* Data provided *
:::::

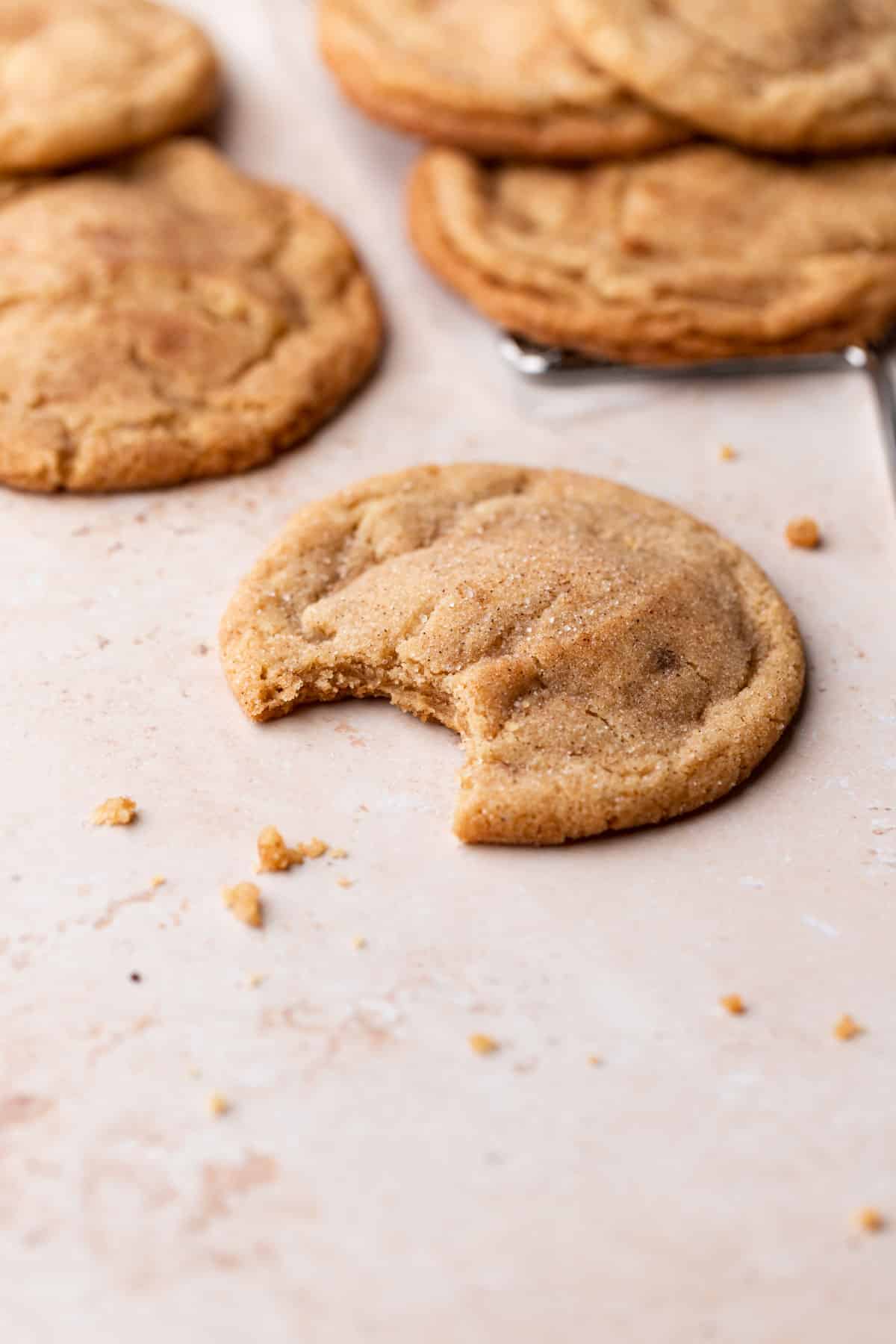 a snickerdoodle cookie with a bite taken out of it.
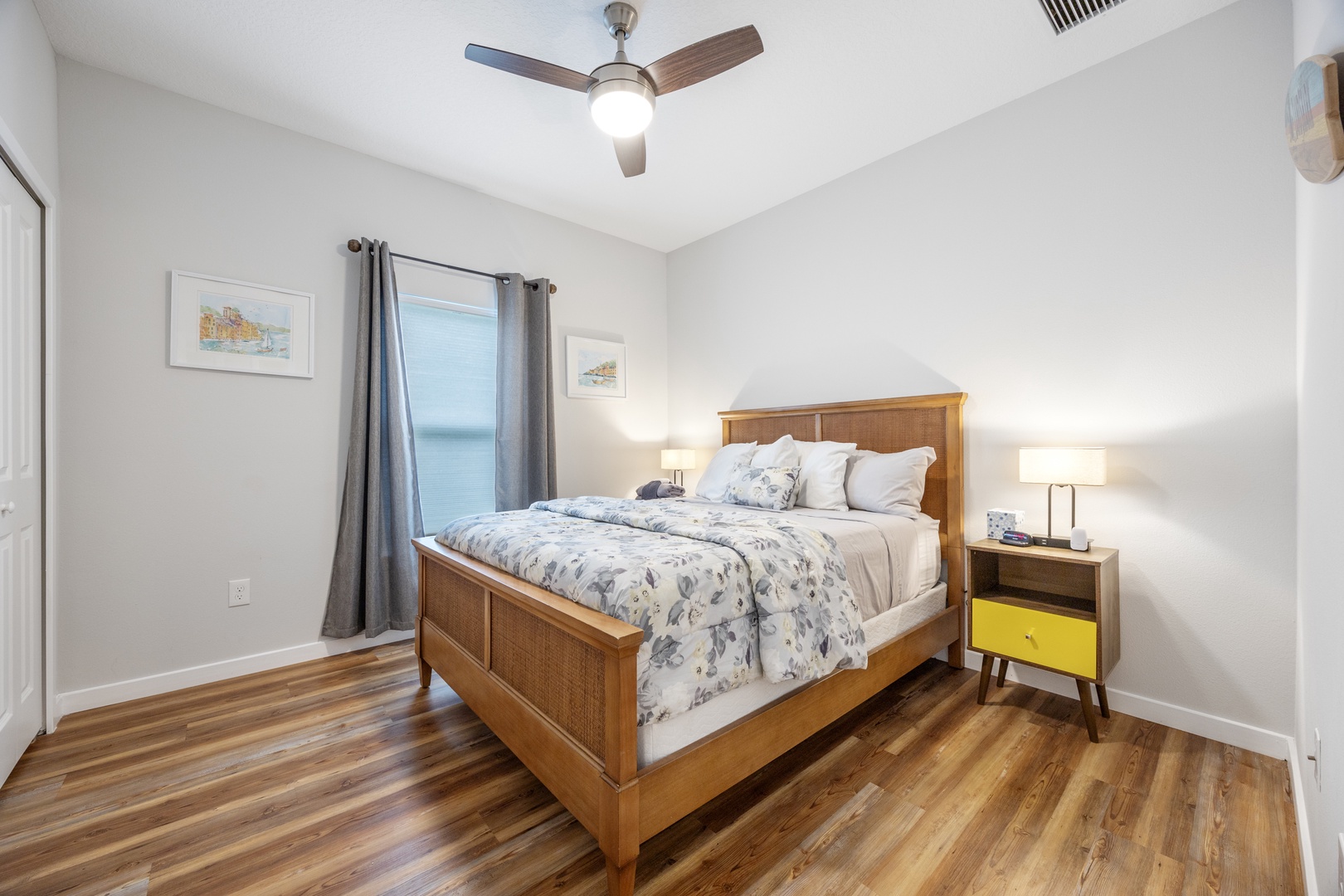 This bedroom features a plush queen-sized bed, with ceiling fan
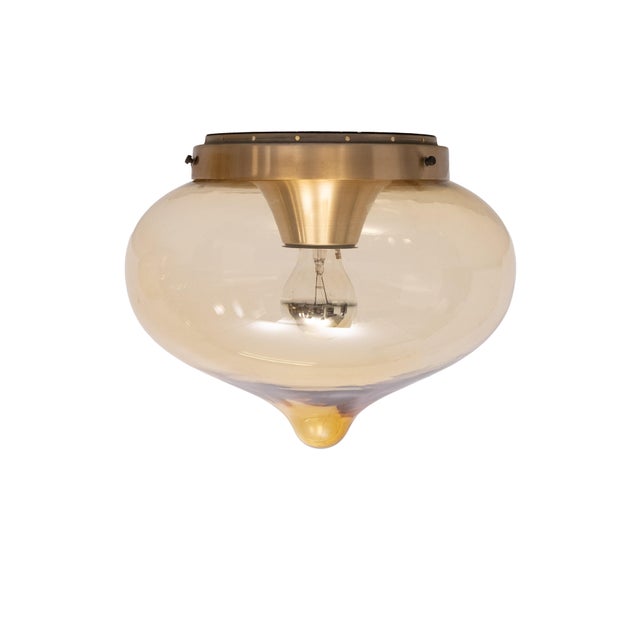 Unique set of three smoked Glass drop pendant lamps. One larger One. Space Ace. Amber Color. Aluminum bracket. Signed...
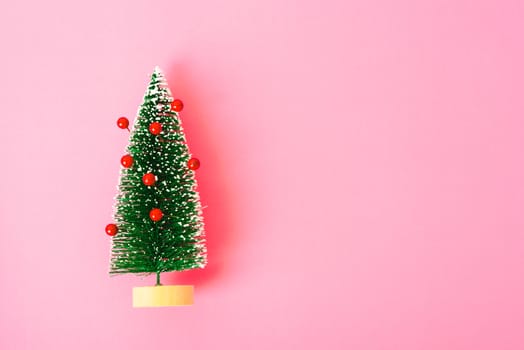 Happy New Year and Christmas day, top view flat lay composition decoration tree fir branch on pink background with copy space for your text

:::::

* What to work on *
All the data above is to be transcribed exactly, with no pictures included.

* Expected answer *
 a snickerdoodle cookie with a bite taken out of it.
 This bedroom features a plush queen-sized bed, with ceiling fan
 Unique set of three smoked Glass drop pendant lamps. One larger One. Space Ace. Amber Color. Aluminum bracket. Signed...
 Happy New Year and Christmas day, top view flat lay composition decoration tree fir branch on pink background with copy space for your text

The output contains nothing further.